Linich was the only one who actually lived there—he took possession of one of the bathrooms, which he also used as a darkroom for developing the photographs he took, chronicling life in the Silver Factory as it evolved. It says a great deal that of Warhol’s two lieutenants, Billy Linich and Gerard Malanga, Malanga received a salary, however minimal, while Billy Name was merely given spending money. Malanga was a grown-up, a jobholder, identified with the photographic silk-screening process and the mass production of the grocery boxes; Billy Name had the ambition of a perpetual adolescent, living at home, helping with household chores, and making do with an allowance for his personal needs.

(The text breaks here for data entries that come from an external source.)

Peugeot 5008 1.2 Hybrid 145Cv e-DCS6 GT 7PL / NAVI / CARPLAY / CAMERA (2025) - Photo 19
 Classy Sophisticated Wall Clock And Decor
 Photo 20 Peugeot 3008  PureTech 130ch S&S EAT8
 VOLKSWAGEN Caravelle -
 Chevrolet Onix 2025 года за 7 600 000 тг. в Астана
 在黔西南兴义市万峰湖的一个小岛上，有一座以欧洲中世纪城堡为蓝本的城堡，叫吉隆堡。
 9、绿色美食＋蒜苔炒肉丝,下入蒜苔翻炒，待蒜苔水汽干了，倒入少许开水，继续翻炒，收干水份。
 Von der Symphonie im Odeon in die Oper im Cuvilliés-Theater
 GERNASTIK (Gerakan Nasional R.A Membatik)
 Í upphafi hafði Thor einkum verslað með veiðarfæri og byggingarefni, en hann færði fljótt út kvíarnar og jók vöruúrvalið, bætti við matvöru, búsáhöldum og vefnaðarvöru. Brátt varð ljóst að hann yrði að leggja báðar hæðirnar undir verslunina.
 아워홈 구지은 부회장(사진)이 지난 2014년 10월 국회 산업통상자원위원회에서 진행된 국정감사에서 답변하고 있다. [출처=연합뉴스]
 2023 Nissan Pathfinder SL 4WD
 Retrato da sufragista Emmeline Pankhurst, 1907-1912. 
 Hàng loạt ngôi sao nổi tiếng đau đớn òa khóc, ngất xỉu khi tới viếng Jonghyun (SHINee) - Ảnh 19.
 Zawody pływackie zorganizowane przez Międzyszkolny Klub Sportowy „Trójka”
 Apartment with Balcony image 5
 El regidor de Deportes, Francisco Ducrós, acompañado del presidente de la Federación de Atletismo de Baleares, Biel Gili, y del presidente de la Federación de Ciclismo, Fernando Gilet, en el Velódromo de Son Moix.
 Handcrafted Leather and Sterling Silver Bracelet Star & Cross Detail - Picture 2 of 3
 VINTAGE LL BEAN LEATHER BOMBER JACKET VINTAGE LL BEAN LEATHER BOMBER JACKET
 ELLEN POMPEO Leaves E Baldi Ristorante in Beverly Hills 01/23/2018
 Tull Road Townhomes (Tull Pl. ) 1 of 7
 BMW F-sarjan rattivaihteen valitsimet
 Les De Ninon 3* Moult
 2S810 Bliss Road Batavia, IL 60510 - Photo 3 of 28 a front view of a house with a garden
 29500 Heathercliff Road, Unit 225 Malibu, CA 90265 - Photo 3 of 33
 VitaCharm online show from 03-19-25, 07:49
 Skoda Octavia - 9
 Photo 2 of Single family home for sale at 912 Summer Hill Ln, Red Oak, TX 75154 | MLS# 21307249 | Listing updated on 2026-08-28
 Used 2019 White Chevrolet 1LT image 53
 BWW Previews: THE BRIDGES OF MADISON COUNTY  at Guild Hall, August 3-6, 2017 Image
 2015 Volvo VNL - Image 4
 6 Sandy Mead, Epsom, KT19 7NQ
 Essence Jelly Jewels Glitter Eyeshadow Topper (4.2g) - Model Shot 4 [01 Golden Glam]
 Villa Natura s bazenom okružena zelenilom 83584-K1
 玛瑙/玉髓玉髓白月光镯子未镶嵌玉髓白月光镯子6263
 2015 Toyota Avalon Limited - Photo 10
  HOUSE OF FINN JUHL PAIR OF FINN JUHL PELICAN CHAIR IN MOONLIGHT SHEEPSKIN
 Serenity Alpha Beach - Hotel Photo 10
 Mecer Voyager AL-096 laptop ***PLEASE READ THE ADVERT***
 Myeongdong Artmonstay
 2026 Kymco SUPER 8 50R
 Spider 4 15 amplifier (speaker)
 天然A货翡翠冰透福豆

Most of those who used the Silver Factory as their “club” would not have lived there. Either they lived at home and hung out in the Silver Factory, or they had money and lived independent, urbane lives. But they believed in the life that the Silver Factory emblematized, of freedom spiced by the license that bohemia claimed for itself. They were often celebrities. A friend of Andy’s hosted a Beautiful People Party in the spring of 1965, where Judy Garland, Rudolph Nureyev, Tennessee Williams, and Montgomery Clift came as invited guests. Andy by that time was himself a Beautiful Person—a star and indeed an icon. But none of the Silver Factory regulars had quite the necessary glitter for that. They were young, good-looking people with whatever allotment of talent may have given them hope for stardom, and who had been brought to the Silver Factory by Malanga or by Linich, who had access to different pools of recruits, or by Andy himself, who spotted what he thought might be talent at the nightly parties he attended.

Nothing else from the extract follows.